FERNANDO AIR BASE, Batangas: President Benigno Aquino 3rd on Wednesday asked Supreme Court (SC) justices to clarify the country’s laws on citizenship after it ruled that Sen. Grace Poe is qualified to run for President.
One of the requirements for presidential candidates is that they should be natural-born Filipino citizens.
“Sana yung Korte Suprema dito sa kanilang desisyon ay magbigay ng todong kalinawan o paglilinaw sa sambayanan in their role as educator as far as the law is concerned [I hope that the Supreme Court, as educator, would explain its decision to the people in legal terms],” Aquino told reporters in an interview.
“Para maging klarung-klaro sa lahat ng ating mamamayan kung ano ba talaga ang alituntunin sa pagiging citizen or non-citizen ng ating bansa [For the people to clearly know the requirements for one to be a citizen and the bases for one to be called a non-citizen],” he said.
The President added that the tribunal should clarify how Poe reacquired her Filipino citizenship.
She supposedly visited a consular office in 2011 to renounce her citizenship when she was already the chairman of the Movie and Television Review and Classification Board.

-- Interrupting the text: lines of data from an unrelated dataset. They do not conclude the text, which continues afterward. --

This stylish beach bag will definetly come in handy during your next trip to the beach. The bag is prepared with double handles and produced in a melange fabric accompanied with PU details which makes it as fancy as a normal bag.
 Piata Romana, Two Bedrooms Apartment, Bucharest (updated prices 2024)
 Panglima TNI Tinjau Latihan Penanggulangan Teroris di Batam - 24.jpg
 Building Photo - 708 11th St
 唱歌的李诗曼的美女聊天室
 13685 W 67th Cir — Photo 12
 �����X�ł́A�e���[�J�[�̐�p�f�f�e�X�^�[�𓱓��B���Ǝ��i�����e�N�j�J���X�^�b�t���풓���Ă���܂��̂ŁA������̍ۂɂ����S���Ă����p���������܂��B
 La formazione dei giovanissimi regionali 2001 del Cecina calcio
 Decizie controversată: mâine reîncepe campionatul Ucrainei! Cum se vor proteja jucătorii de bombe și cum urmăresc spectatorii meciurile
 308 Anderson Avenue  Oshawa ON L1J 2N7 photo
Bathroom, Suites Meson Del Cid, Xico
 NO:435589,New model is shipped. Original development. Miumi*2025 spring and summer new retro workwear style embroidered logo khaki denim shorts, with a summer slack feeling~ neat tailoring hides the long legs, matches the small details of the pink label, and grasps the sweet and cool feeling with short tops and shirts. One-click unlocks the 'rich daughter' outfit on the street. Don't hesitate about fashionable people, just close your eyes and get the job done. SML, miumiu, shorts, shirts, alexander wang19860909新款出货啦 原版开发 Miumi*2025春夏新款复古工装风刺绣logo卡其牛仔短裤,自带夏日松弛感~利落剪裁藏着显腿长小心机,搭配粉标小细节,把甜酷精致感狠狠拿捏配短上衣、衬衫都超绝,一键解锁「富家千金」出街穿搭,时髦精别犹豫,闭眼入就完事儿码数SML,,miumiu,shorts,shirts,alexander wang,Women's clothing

The High Court, voting of 9-6, on Tuesday reversed a decision of the Commission on Elections to disqualify Poe from running for President in the May 2016 elections.
The poll body, in its unanimous decision, said Poe is not a natural-born citizen and she also failed to meet the 10-year residency requirement imposed by law on presidential candidates.
The high tribunal is yet to come up with a ruling that will explain how majority of the justices came to their decision that Poe, a foundling, is a natural-born Filipino.
Aquino admitted that the SC decision will boost Poe’s candidacy.
“Gaano katagal? Hindi natin masabi ‘yan [For how long? We can’t say],” the President said.
Poe, who is running as an independent candidate, has consistently topped presidential surveys.
But Aquino said he will not worry about the effects of the SC decision, noting that they are beyond his control.
He noted the independence of the High Court, as four of his six appointees voted in Poe’s favor.